Task goal:
The task calls for the lines below from the line with "Business entities and" to the line with "So once again, Boston", both ends included, copied exactly, without any pictures.

Records excerpted from a collection:
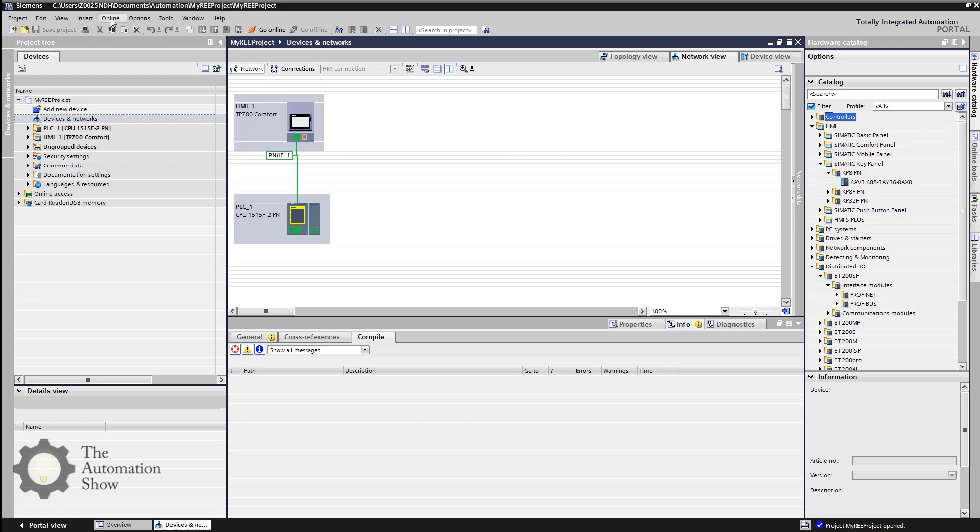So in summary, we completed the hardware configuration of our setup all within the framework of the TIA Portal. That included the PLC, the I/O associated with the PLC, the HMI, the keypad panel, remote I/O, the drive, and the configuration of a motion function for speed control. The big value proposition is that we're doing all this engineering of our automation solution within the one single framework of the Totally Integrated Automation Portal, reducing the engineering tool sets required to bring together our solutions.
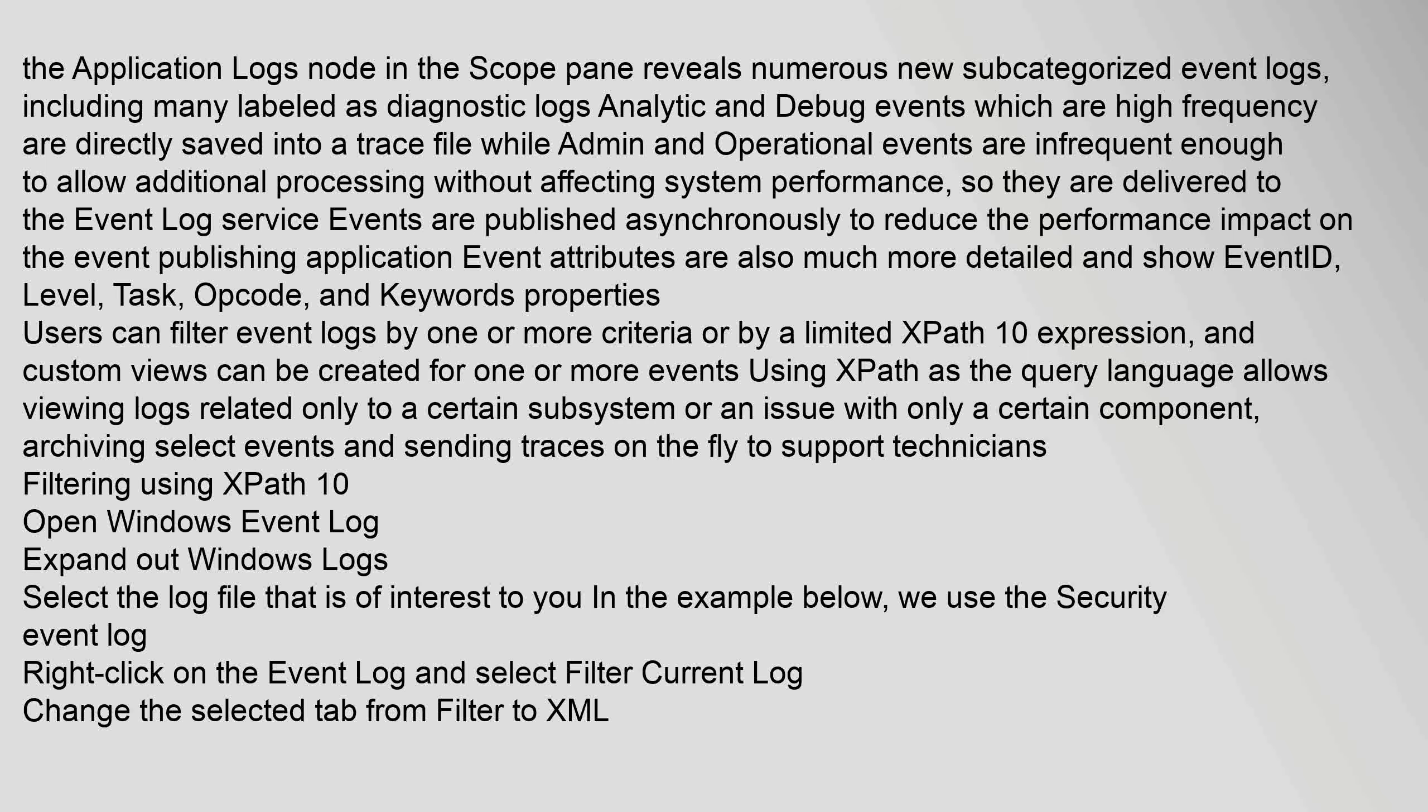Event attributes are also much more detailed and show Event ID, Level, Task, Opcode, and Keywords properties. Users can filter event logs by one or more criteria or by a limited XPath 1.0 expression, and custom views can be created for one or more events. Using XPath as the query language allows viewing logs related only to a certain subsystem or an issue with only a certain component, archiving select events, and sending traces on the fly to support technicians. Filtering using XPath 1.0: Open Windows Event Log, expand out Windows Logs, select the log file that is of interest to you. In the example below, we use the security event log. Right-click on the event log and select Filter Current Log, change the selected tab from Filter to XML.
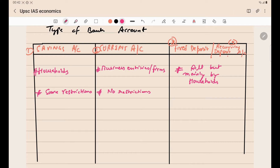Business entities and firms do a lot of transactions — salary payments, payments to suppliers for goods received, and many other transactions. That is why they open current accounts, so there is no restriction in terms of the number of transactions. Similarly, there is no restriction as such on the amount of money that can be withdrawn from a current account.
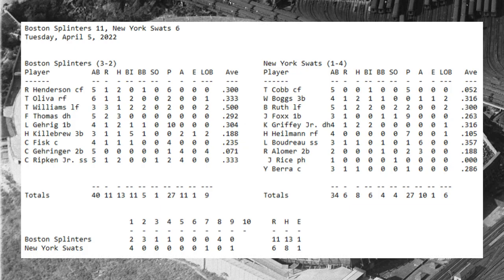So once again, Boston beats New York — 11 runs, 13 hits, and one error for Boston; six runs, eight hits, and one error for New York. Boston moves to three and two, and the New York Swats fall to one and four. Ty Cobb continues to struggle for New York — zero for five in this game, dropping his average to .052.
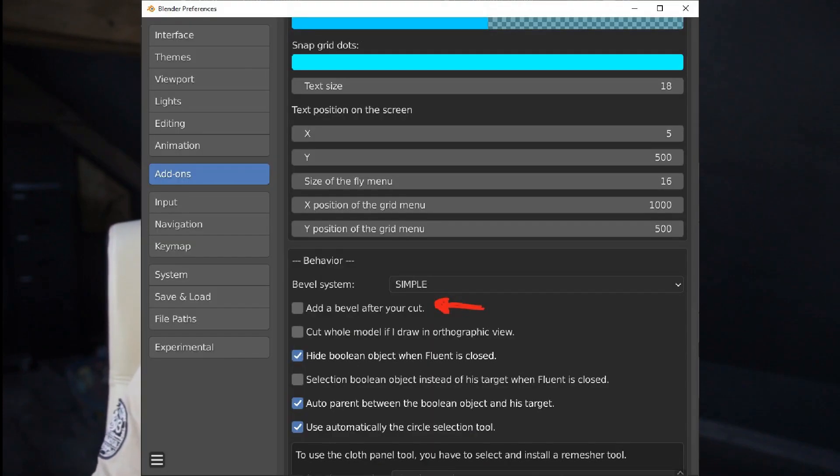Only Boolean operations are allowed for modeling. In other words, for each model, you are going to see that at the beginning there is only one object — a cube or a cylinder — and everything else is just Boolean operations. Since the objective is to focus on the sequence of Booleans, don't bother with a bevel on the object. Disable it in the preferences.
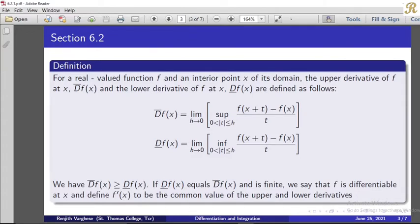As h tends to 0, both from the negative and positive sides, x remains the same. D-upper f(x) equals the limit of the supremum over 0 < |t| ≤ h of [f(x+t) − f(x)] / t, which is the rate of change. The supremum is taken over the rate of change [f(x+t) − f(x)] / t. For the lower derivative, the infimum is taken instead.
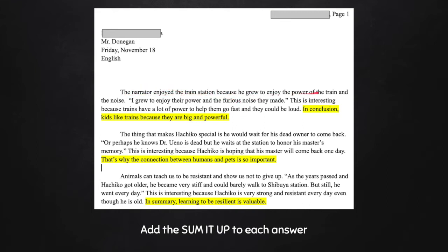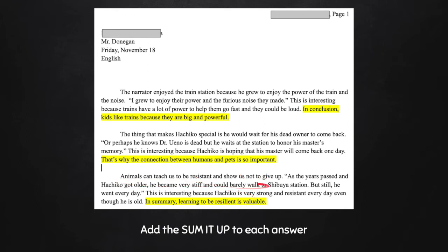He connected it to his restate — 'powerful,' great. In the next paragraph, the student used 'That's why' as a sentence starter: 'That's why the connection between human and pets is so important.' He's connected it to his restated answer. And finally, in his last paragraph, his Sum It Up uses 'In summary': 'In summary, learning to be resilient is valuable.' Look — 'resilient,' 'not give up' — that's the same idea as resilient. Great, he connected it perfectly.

Response box:
Business entities and firms do a lot of transactions — salary payments, payments to suppliers for goods received, and many other transactions. That is why they open current accounts, so there is no restriction in terms of the number of transactions. Similarly, there is no restriction as such on the amount of money that can be withdrawn from a current account.
So once again, Boston beats New York — 11 runs, 13 hits, and one error for Boston; six runs, eight hits, and one error for New York. Boston moves to three and two, and the New York Swats fall to one and four. Ty Cobb continues to struggle for New York — zero for five in this game, dropping his average to .052.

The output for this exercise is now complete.